A custom component was released in January for the EVA II PRO WiFi Dehumidifier, but it doesn’t work with recent releases of HA, and the developer seems to have lost interest. I would like to try and get it working again.
The first thing I’ve done is re-arrange the files in the custom_components directory to match the current requirements. This advances the problem to the point where the platform initializes, but only 1 of the 2 sub-components loads. The point where I’m lost is in this code (__init__.py):
the load_platform for the sensor seems to work, but the load_platform for climate does not. climate.py is there, but nothing is logged from it, even when I put a log statement in the main body.
Can any point me in the right direction, or suggest something I could do to debug why the climate component isn’t being loaded?
The original repo is here:
and I’ve forked in here in the hope that I can come up with something useful to do to it:
Unfortunately my python (and coding in general) is pretty weak, but with some hints I might be able to figure out what’s going on.
The underlying library does work though, so I knocked up a script based sensor so that I am at least picking up the information from the sensor in the device. If I get time I’ll set it up as a generic_thermostat (with the humidity pretending to be temp), using a command_line switch. Mega clumsy, but I don’t have the python/HA knowledge to do it properly.
I was trying to see if I could run the library in my second Rpi that is just running Rasbian and collect the information on HA perhaps?
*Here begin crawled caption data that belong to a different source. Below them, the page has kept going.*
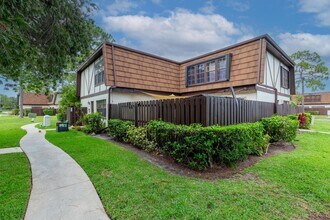 103 Weybridge Cir in Royal Palm Beach, FL - Building Photo - Building Photo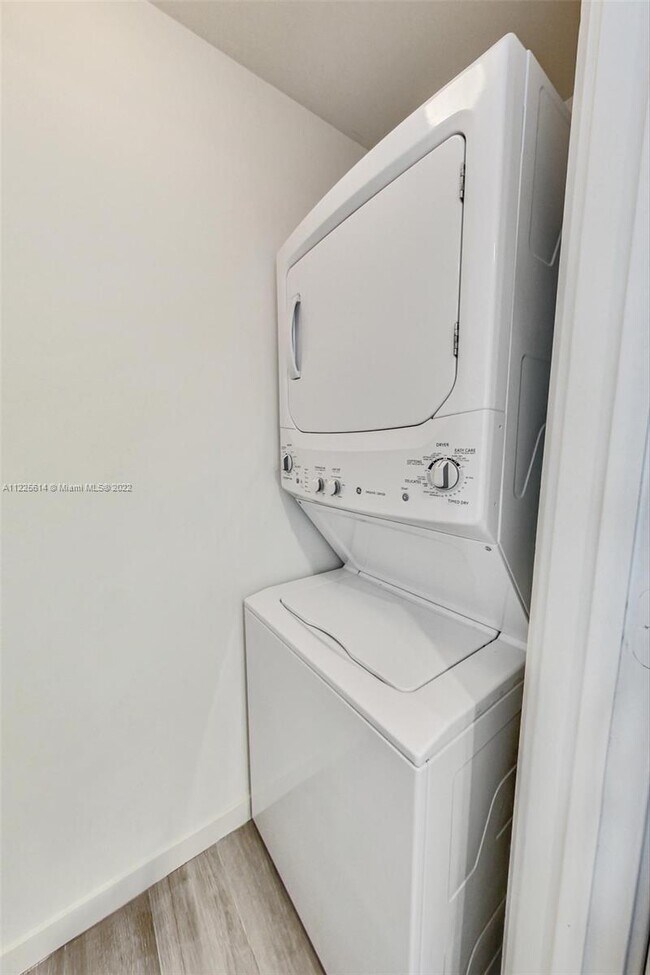 Foto del edificio - 1100 S Miami Ave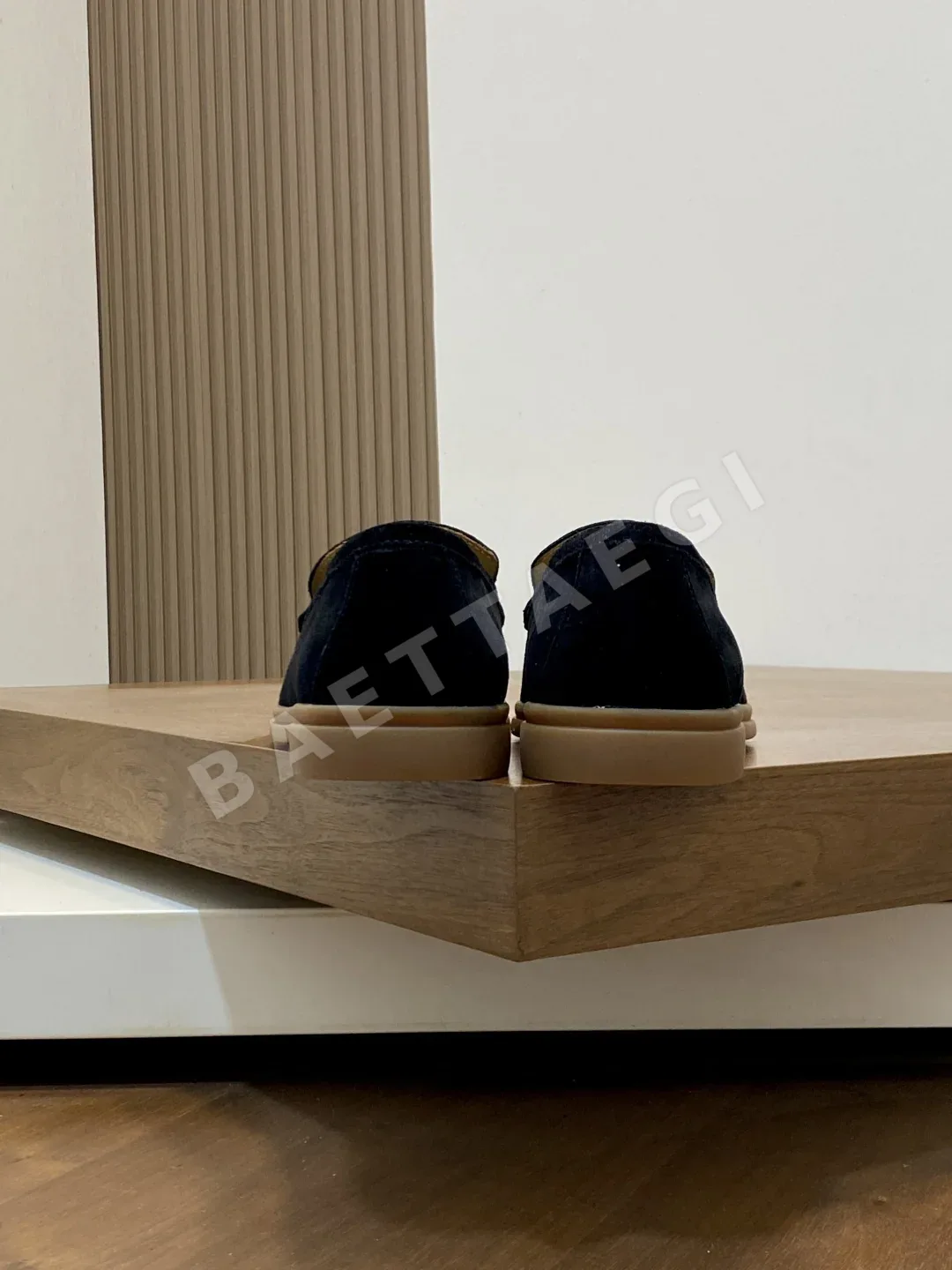 로로피아나 로퍼 스웨이드 이니셜 패턴 상세 이미지 8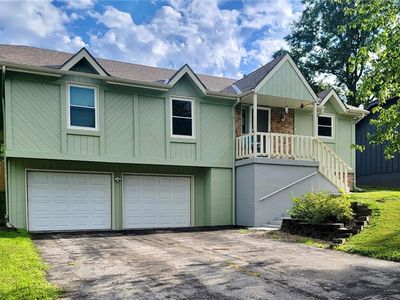 521 NE Karapat Dr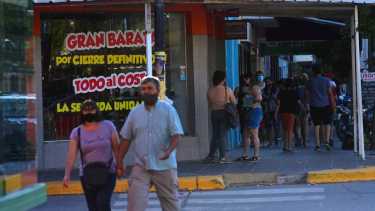 Horarios de apertura y cierre en Navidad y Año Nuevo en Roca. Foto Andrés Maripe. 
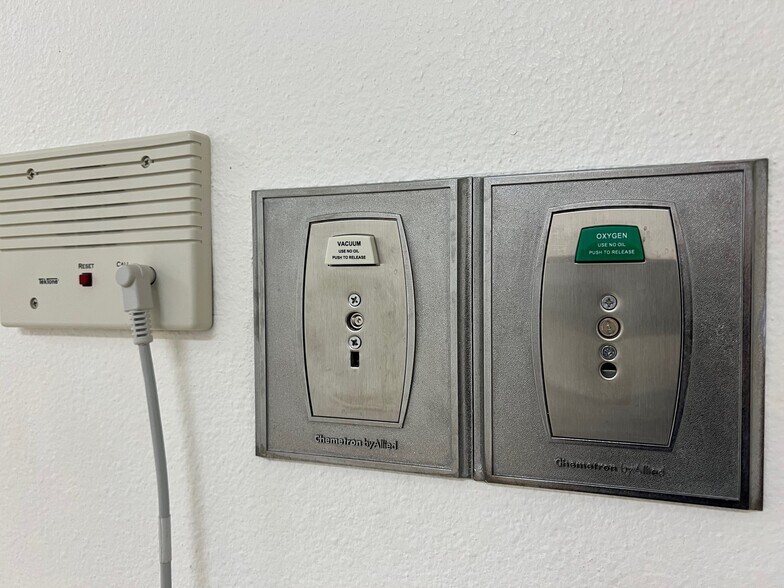 More Photos Of 1130 Conroy Ln, Roseville Medical For Sale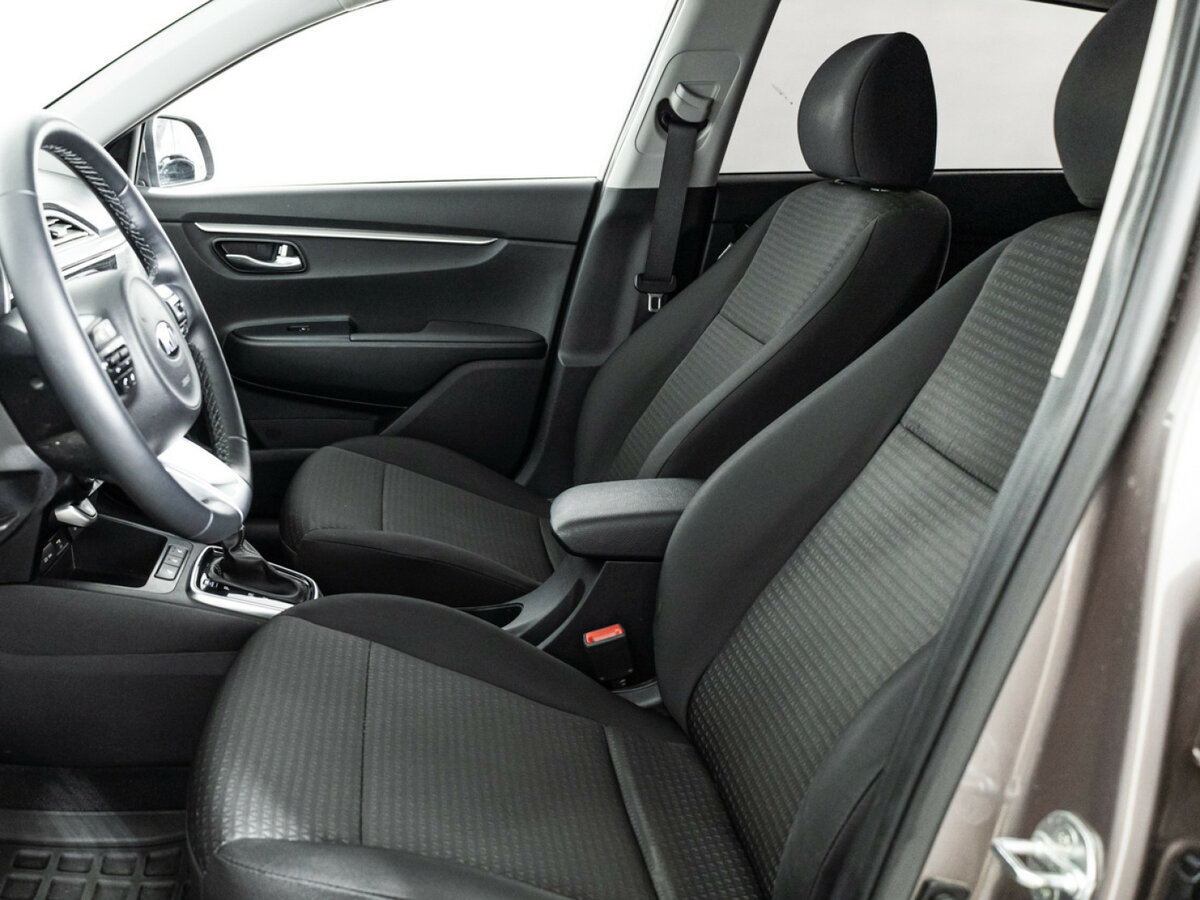 Kia Rio с пробегом — 2021 год. Фото: #15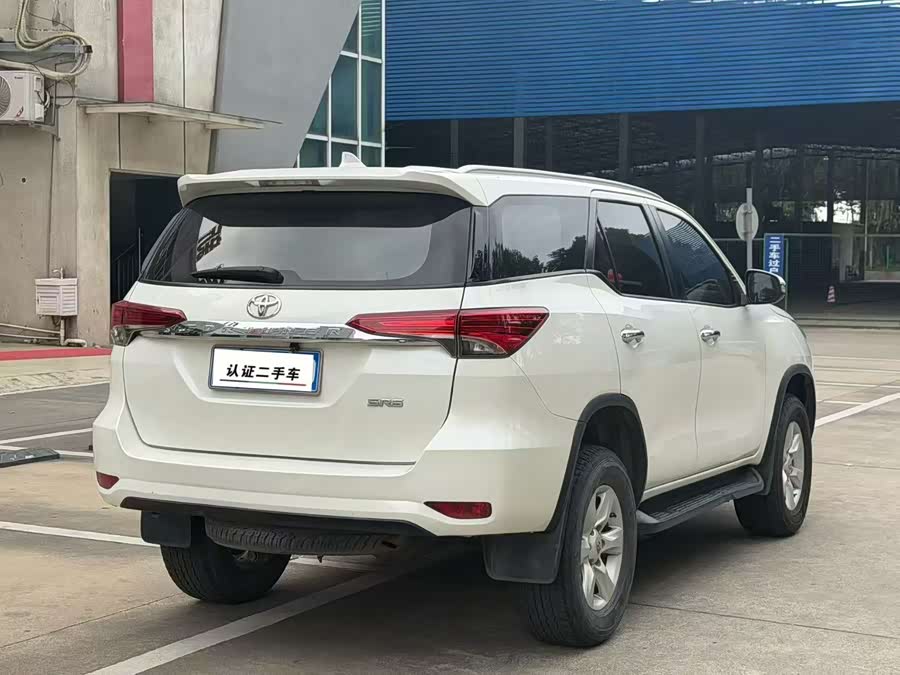 Toyota Fortuner 2019 car image #6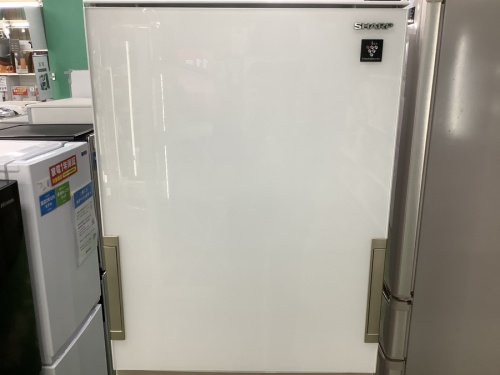 冷蔵庫の3ドア冷蔵庫
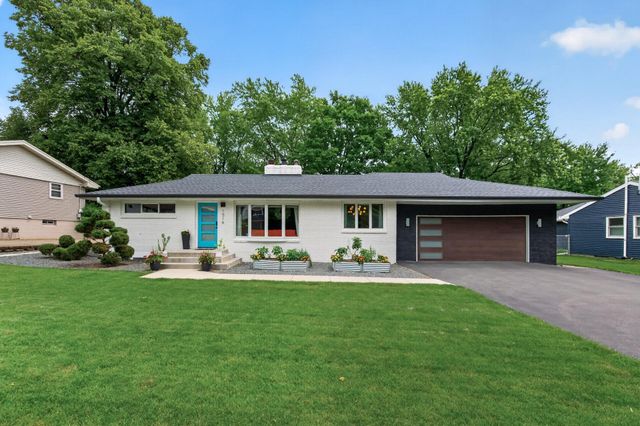 1516 Aquila Avenue N, Golden Valley, MN 55427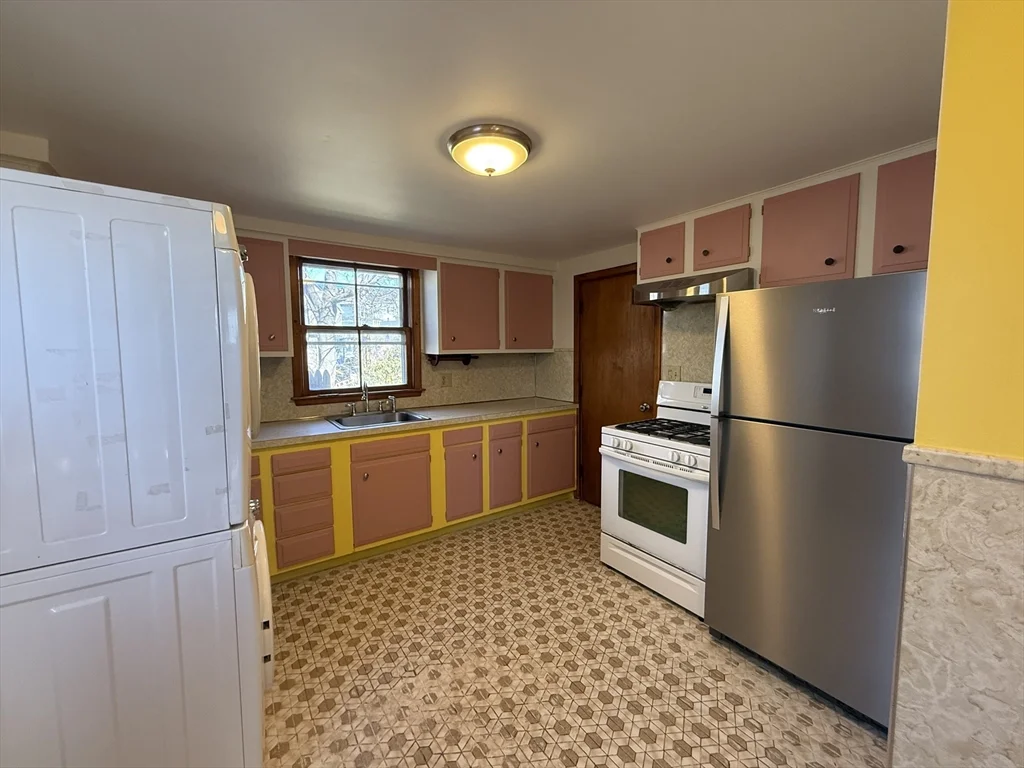 1 bed, 1 bath apartment for rent at 38 Friend St Unit 1, Gloucester — photo 6 of 9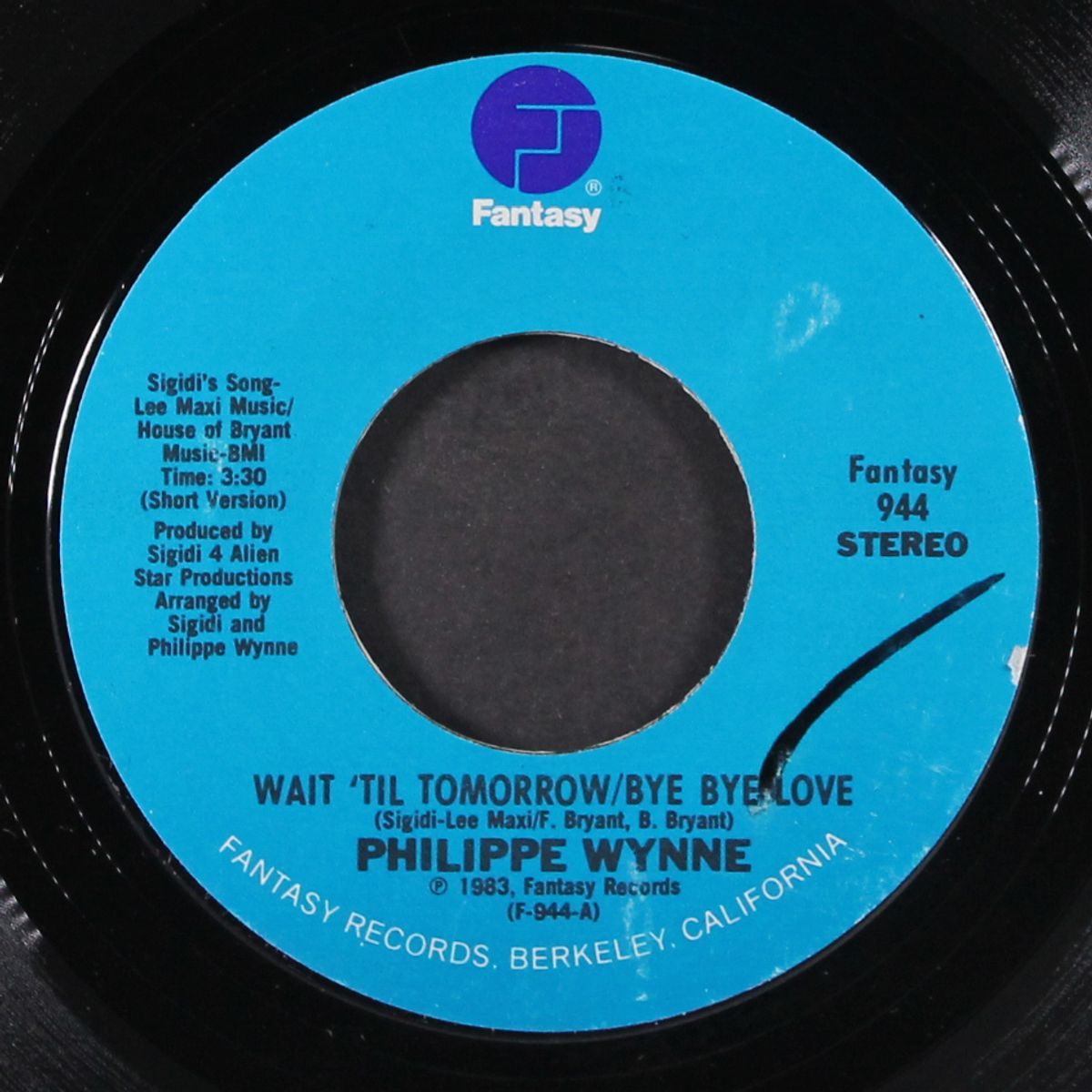 wait 'til tomorrow / bye bye love / short by PHILIPPE WYNNE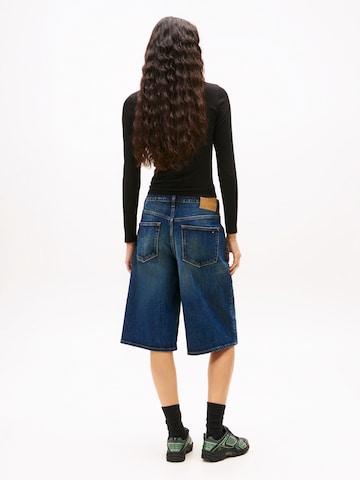 T-shirt 'Essential' Tommy Jeans en noir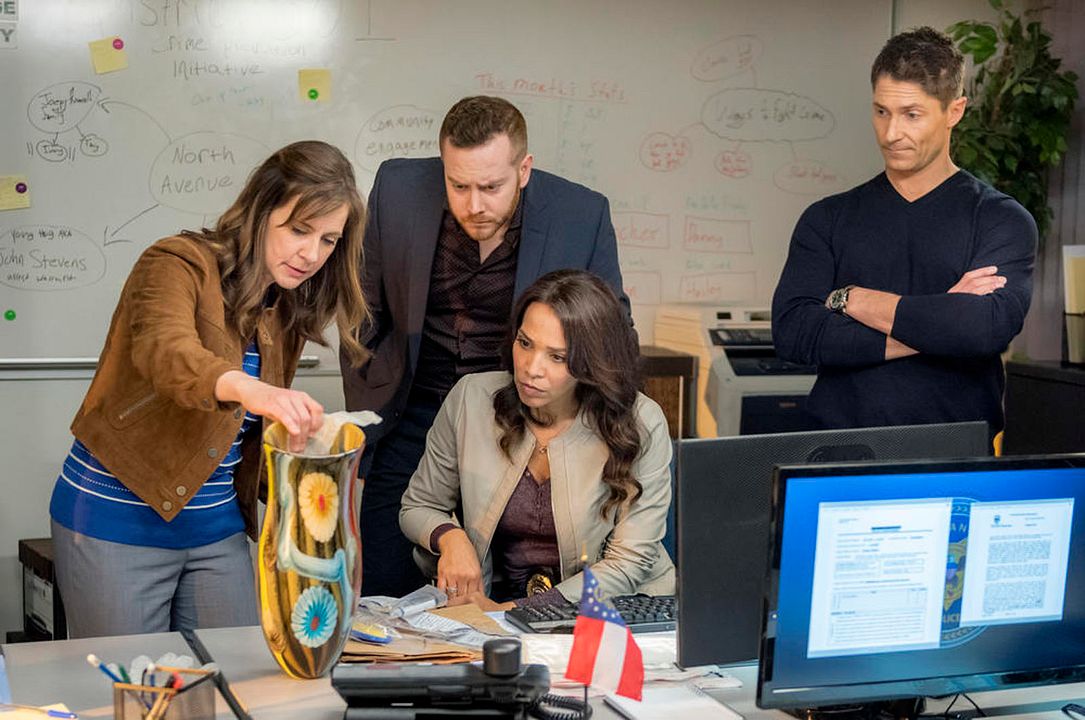 Fotoğraf Matthew MacCaull, Lucia Walters, Kellie Martin, Giacomo Baessato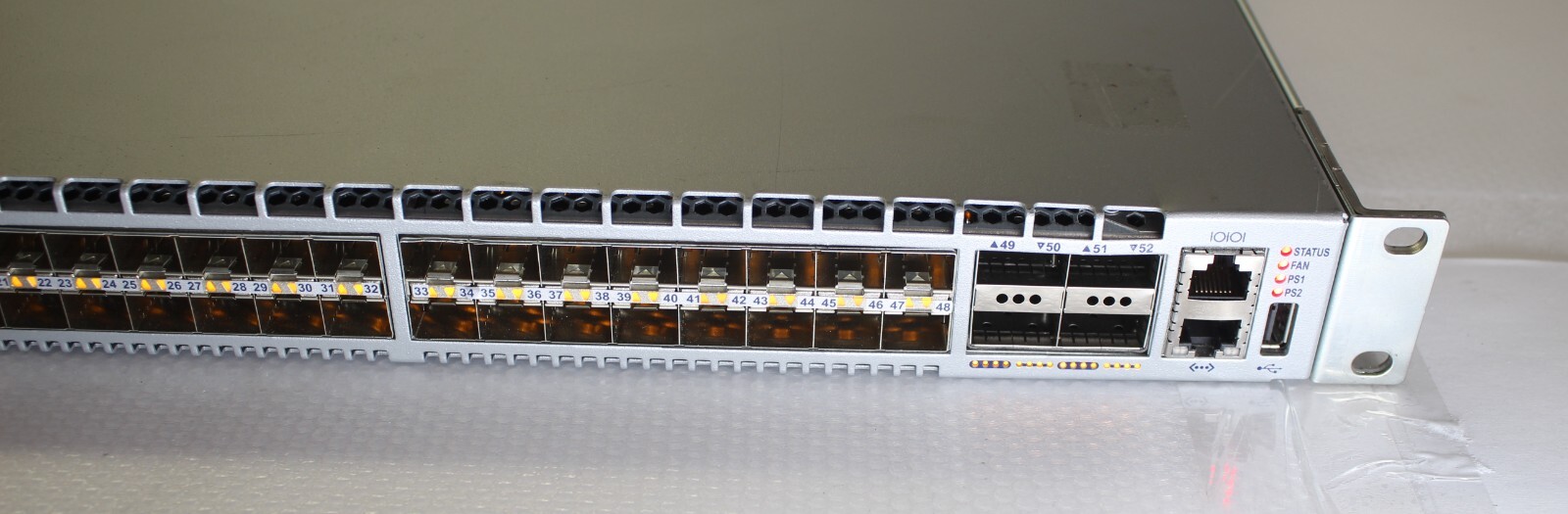 ARISTA DCS-7050SX-64 48-Port Network Switch 4*Fans NO PSUs TESTED w/ ears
But I’m not very good with Python. I can just about read it but not change anything so I don’t even know if such a thing would be possible
used a command line script using the original library to sample the humidity from the device, and turn it on and off. Created at generic_thermostat pretending that I had a AC system and the humidity was a temperature.
This proved annoying though, because I had a race condition if the sample script ran at the same time as the script that tried to turn it on or off / check that status.
So:
I put a xiaomi zigbee sensor in the room and used that as the sensor instead of the built in one.
This worked OK until the cloud API started getting unreliable.
So:
I discovered that the dehumidifier restores its state when it recovers from a input power loss. So I put a zigbee plug on it and used that instead of the command line script to turn the device on or off.
The result is actually much better than any API could manage, because the sensor is now better placed in the room (being further away from the dehumidifier means I sample the room humidity and not the dehumidifier’s), and I can set the high and low water marks to my liking.